When I arrived in New York in the spring of 2006 to take on the directorship of the Memorial Museum, I found myself surrounded by architects.  We had architects for the Memorial, landscape architects for the Memorial Plaza, architects for the Museum Pavilion, and architects for the below-grade Museum.  Even a disproportionate number of my colleagues at the Foundation had been trained as architects, had long worked on various architectural projects, had parents and siblings who were architects, or were married to architects!   And, I’m not exaggerating!

As I began to orient myself to the many challenges of this project and tried to become fluent in the language of “architect-speak,” one individual stood out among the many impressive characters in our midst.  And, that was Max Bond.

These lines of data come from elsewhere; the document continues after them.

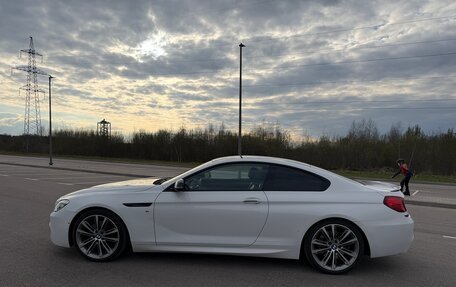 BMW 6 серия, 2016 год, 3 690 000 рублей, 2 фотография
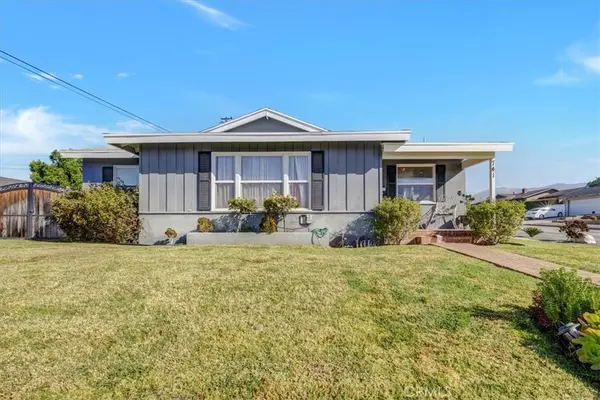 741 Payson ST, La Verne, CA 91750
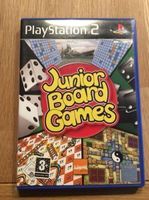 Junior Board Games für PS2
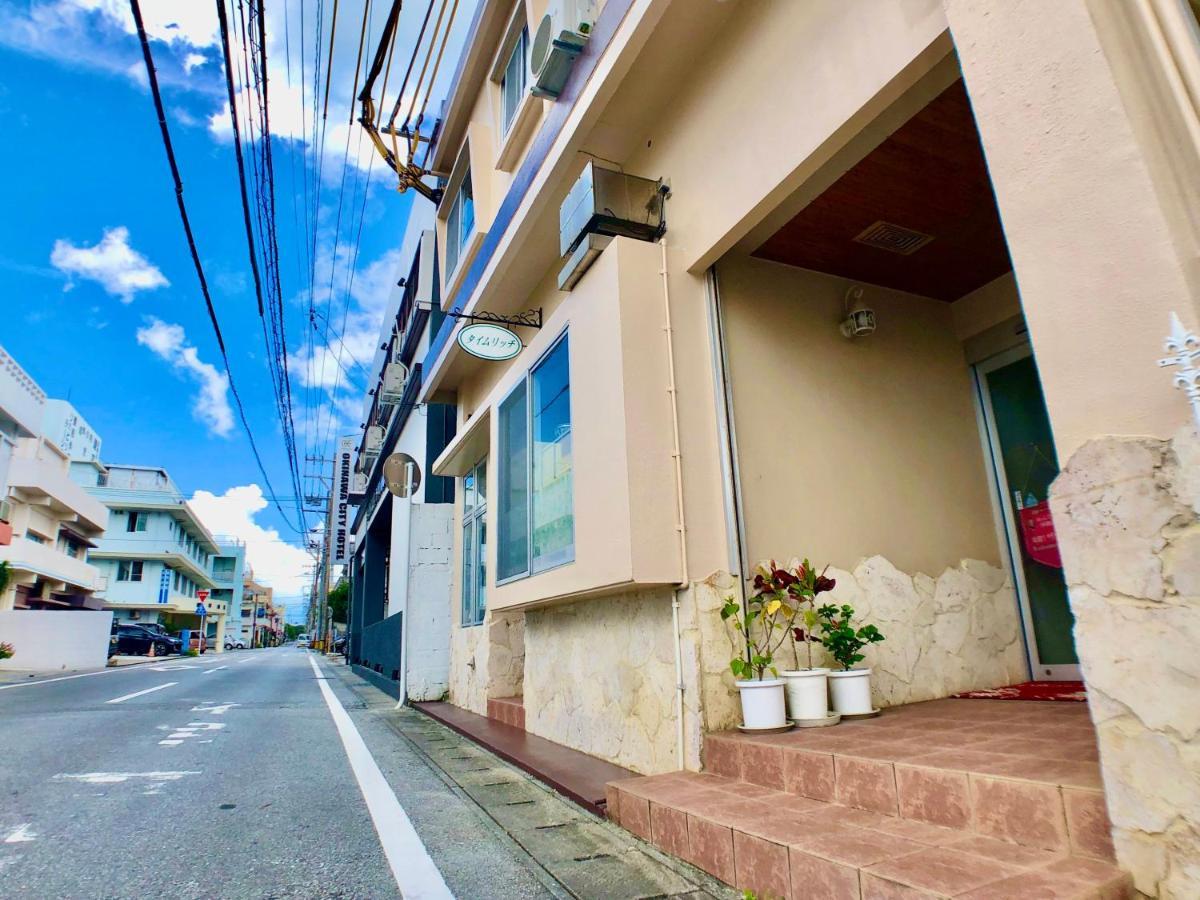 Time Rich Okinawa Exterior foto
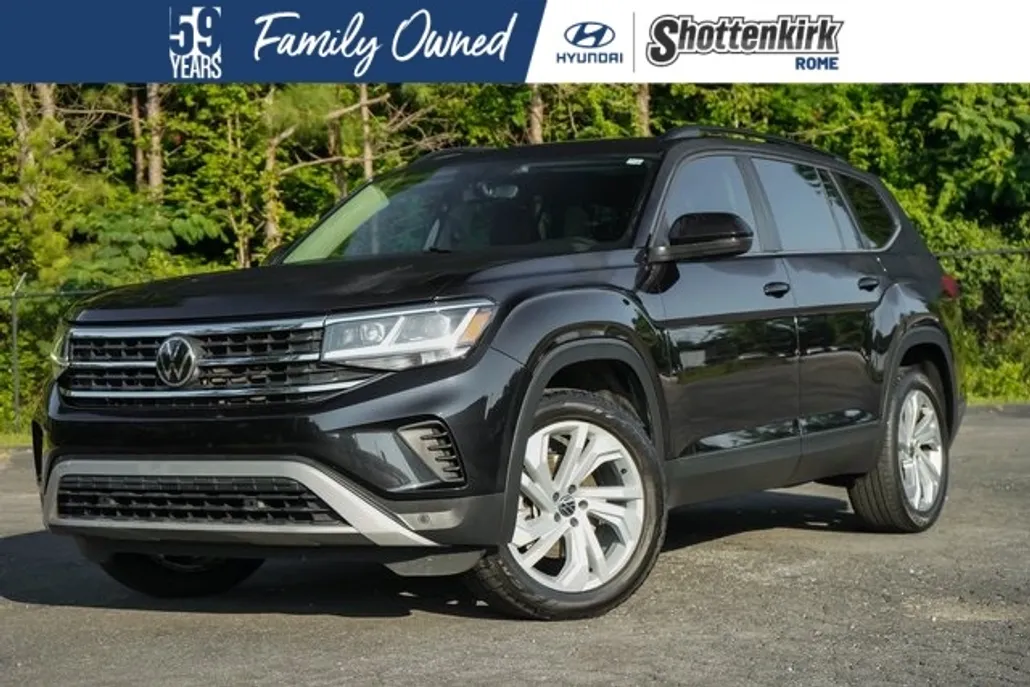 2022 Volkswagen Atlas SE Technology photo 1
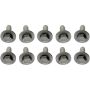 DORMAN 700-089 Splash Shield Screw Bolt With Captive Washer - M10-1.5 X 26.5MM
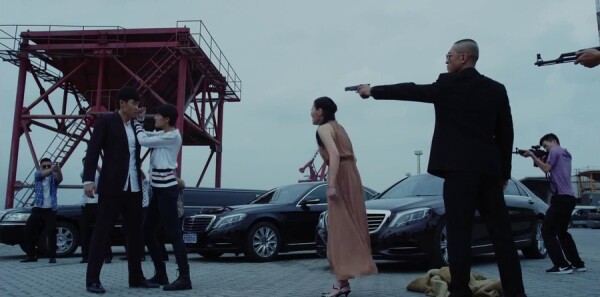 利刃出击第38集剧照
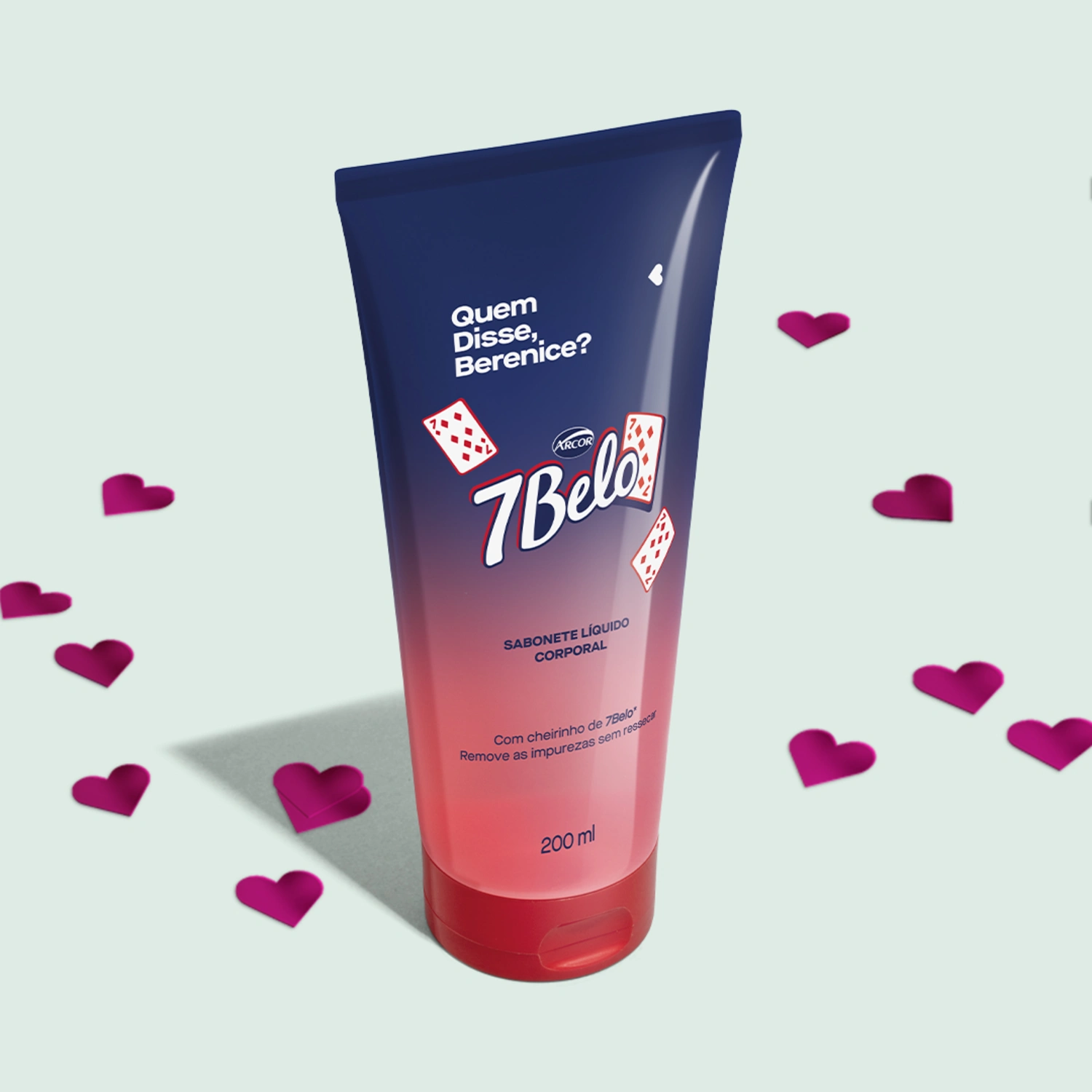QDB SAB LIQ CPO 7BELO 200ml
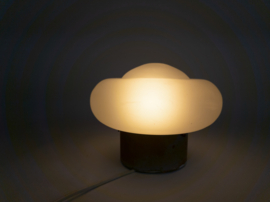 RZB Leuchten - Rudolph  Zimmerman Bamberg Leuchten - plafondlamp - space age -  mushroom lamp - model 33232 - 1970's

At that time, we were all deeply involved in the Section 106 process: a conscientious effort to hear from a variety of consulting parties regarding this project’s proposed approach to the Federally-mandated preservation of landmark-status historical and archaeological assets at the World Trade Center site.   To say that these meetings were intense, passionate, and contentious, is putting it mildly.  But, inevitably, in the midst of the fury and the debate, Max would speak, and in his soft-spoken, gentlemanly manner, would zero in on the key issues, elevate the discussion, and move it forward in a productive fashion.  His was the voice of calm and reason, and when Max spoke, everyone listened.  This project is the better off for it.

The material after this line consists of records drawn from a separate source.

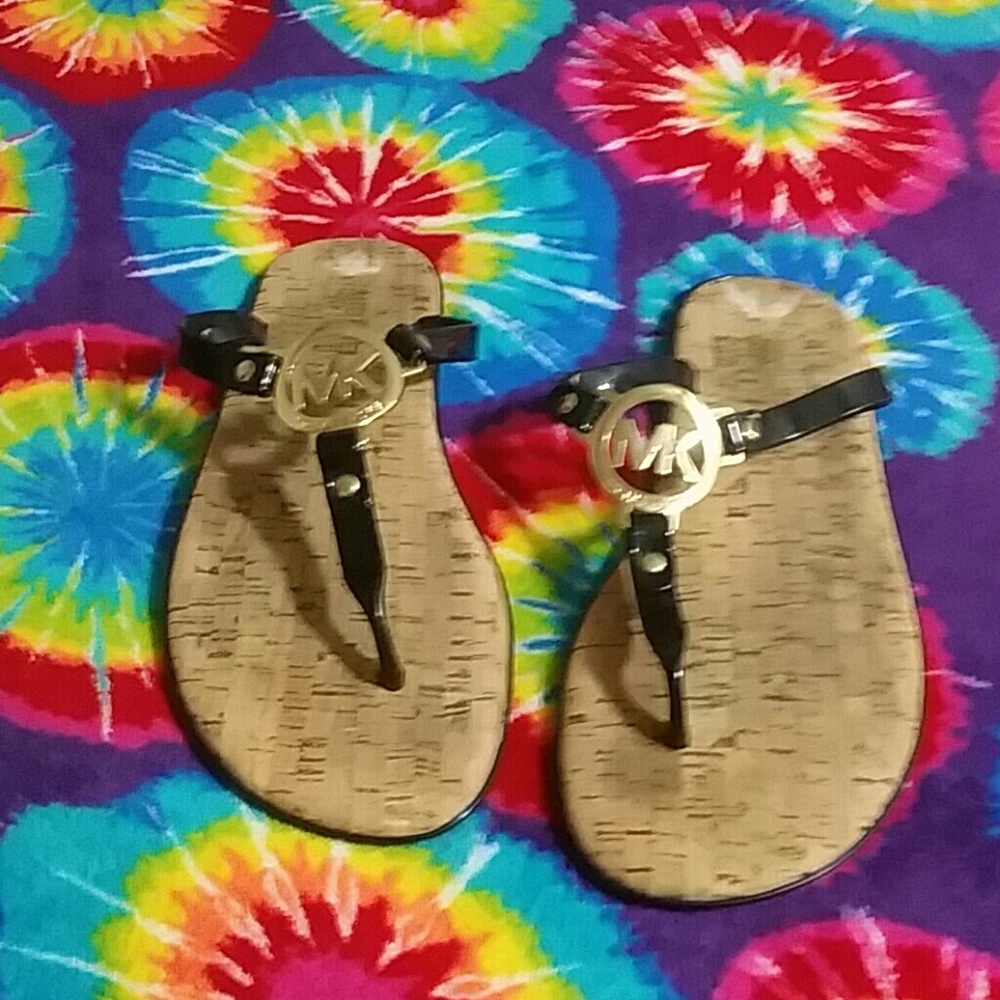 michael kors sandals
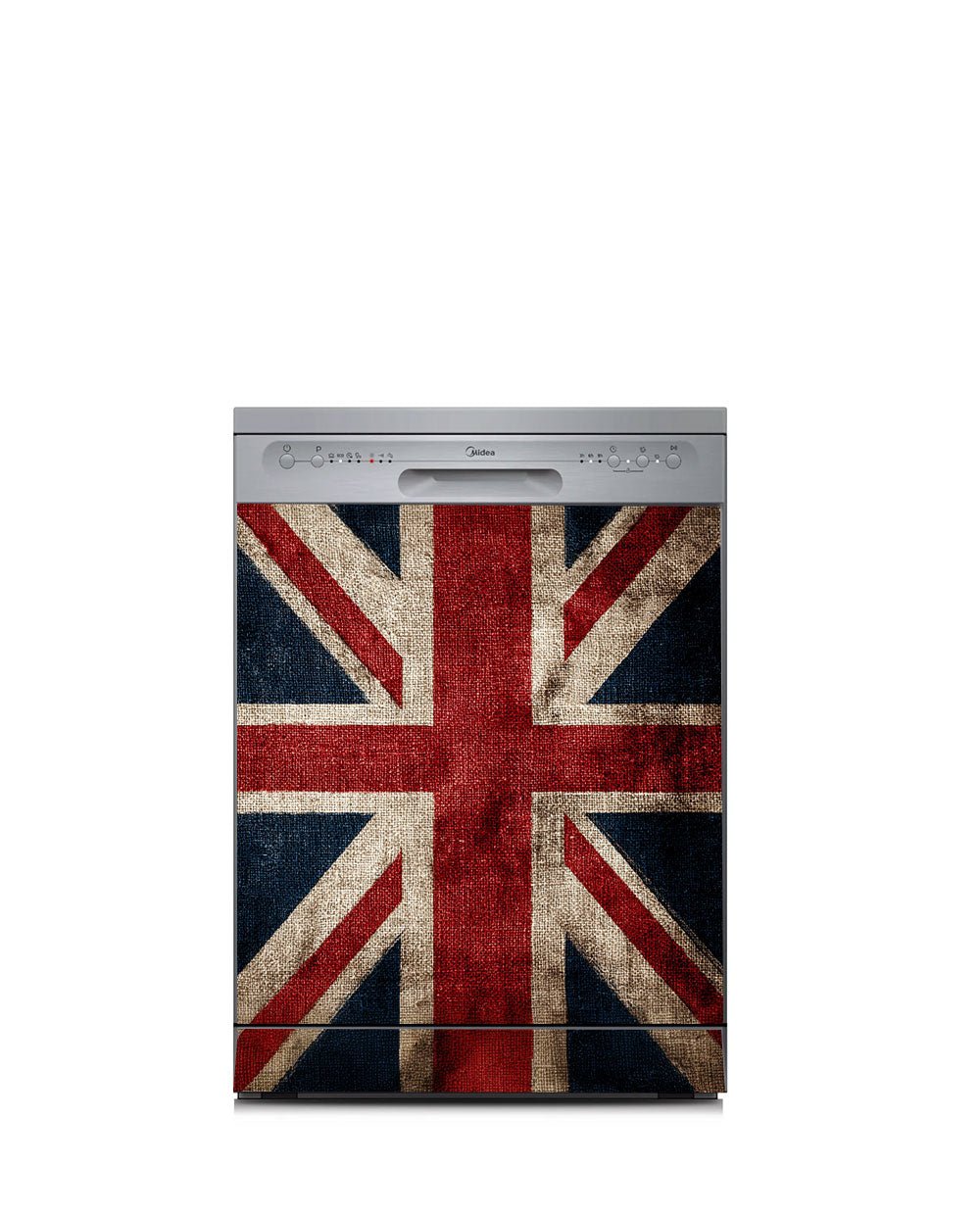 Union Jack Fridge Wrap – Vintage British Flag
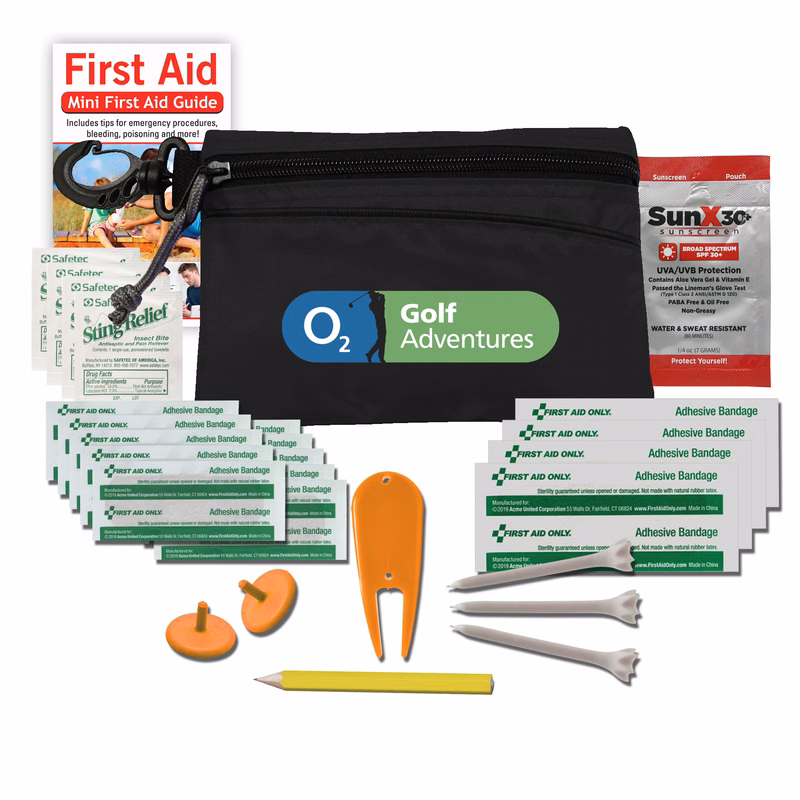 Golf Kit DLX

Max’s personal commitment to our effort was palpable.  My colleagues speak of the gravitas with which he accorded the Museum program; how he could envision – even early on – the potential power of the visitor experience in this space; and, how he consistently rose above conflicting priorities of the multiple design teams to advocate for the greatness of the project as a whole.  Max had an unpretentious but keen and powerful intelligence.  He simply commanded your respect without demanding it.

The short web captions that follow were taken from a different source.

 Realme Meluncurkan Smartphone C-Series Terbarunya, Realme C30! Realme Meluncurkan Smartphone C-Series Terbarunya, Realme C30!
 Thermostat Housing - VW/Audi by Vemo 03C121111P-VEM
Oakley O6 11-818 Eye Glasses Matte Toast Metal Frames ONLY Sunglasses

When people speak about Max, they inevitably use words like “gentlemanly,” “courtly,” “gracious,” “elegant.”  And, these are all accurate descriptors.  But, I want to focus on another aspect of Max’s persona:  his fierce advocacy for the interweaving of civil and human rights into the social fabric of a city; his fundamental commitment, through his art and chosen profession, to the promotion of social responsibility.

Eighteen months ago, in conjunction with a nationally-touring exhibition about the Memorial, I traveled to Birmingham, Alabama, where I spent the better part of an afternoon at the Birmingham Civil Rights Institute.  There, an elegant building designed by Max Bond houses powerful exhibitions, a library, and meeting spaces dedicated to the history of the American civil rights movement, all meant to spur reflection on the imperative of fostering civil and human rights worldwide.

At the BCRI, you walk through a comprehensive exhibition that takes you from the Jim Crow South, through the violent suppression of the non-violent marches and anti-segregation protests that took place in Birmingham, led by the Reverend Martin Luther King, Jr. and Baptist minister and head of the Southern Christian Leadership Conference Rev. Fred Shuttlesworth.  Eventually, the path of the exhibition leads to a moment of powerful immediacy, with the screening of the historic film footage of Dr. King’s exalted “I have a Dream” speech on the steps of the Lincoln Memorial. 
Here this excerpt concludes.